La battaglia di Tunisi è cominciata in realtà la notte scorsa, tra martedì mercoledì, quando l'esercito è intervenuto nei quartieri popolari della periferia di Ettadameh e Ezzouhour: qui, secondo la tv araba al Jazira, ci sarebbero stati 4 o 5 morti. Poi gli scontri sono proseguiti in mattinata e nel pomeriggio nel centro città mentre nel resto della Tunisia la situazione degenerava: nove morti nei disordini di Douz, a 500 chilometri dalla capitale, altre vittime a Tozeur. Imponenti manifestazioni si sono svolte a Sfax _ qui si parla di un paio di morti _ e anche a Kasserine, epicentro delle proteste nei giorni scorsi. Polizia ed esercito, chiaramente impreparati ad affrontare la folla con mezzi adeguati, hanno sparato ad altezza d'uomo, come testimonia il fatto che molte vittime sono state colpite alla testa da reparti di tiratori scelti.

Il presidente Ben Alì sta affrontando la situazione in maniera ambigua e contraddittoria. Per calmare la piazza ha fatto fuori il ministro degli Interni, Belhaji Kacem, sostituendolo con Ahmed Friaa, che fu anche ambasciatore in Italia, ordinando la scarcerazione degli arrestati nei giorni scorsi. Il primo ministro Mohammed Gannouchi ha annunciato misure economiche di sostegno ai neolaureati disoccupati e una commissione d'inchiesta per indagare sulla corruzione e l'operato dei funzionari pubblici. Ma allo stesso tempo sembra che il presidente abbia licenziato il capo di Sato maggiore dell'esercito, Ahmed Amari, colpevole di non avere affrontato subito con durezza i manifestanti.

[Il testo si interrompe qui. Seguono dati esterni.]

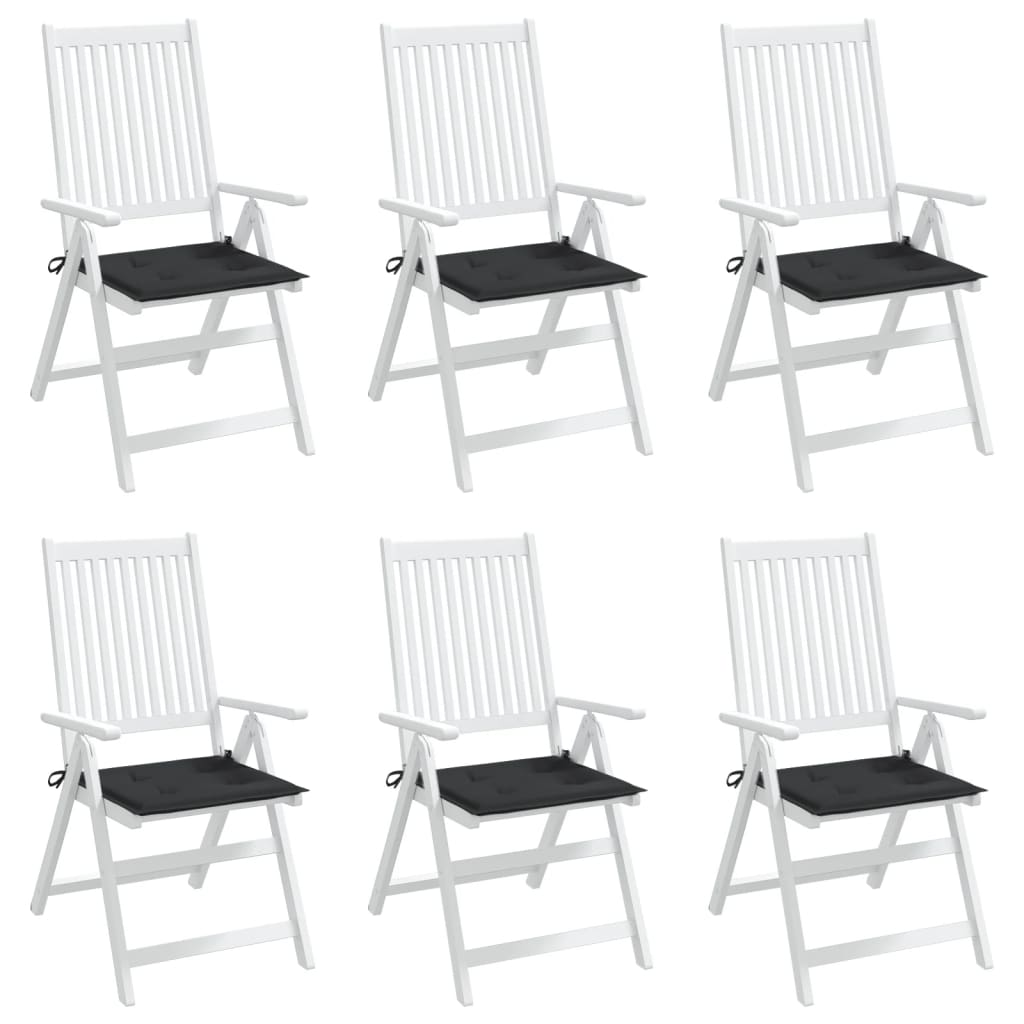 Jastuci za vrtne stolice 6 kom crni 50x50x4 cm tkanina Oxford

Anche le imprese italiane, presenti in Tunisia con 700 società, stanno pagando la situazione e alcune come la Tecnics hanno dovuto chiudere i lavori sull'autostrada Sfax-Gabes, dove ai cantieri si presentano gruppi minacciosi che chiedono un contratto e di essere assunti.
Ben Alì fa cadere la testa di qualche capro espiatorio ma è evidente che ormai la protesta ha un carattere politico ed è rivolta contro la sua famiglia allargata che, capeggiata dalla moglie Leila Trabelsi, ha messo le mani su tutte le leve economiche del Paese. Un atteggiamento predatorio e rapace che la Tunisia, Paese in genere mite _ assai meno sanguinoso e turbolento della confinante Algeria _ non si meritava. Questo silenzio nel coprifuoco di Tunisi annuncia che forse nel palazzo presidenziale di Cartagine si sta giocando una partita decisiva.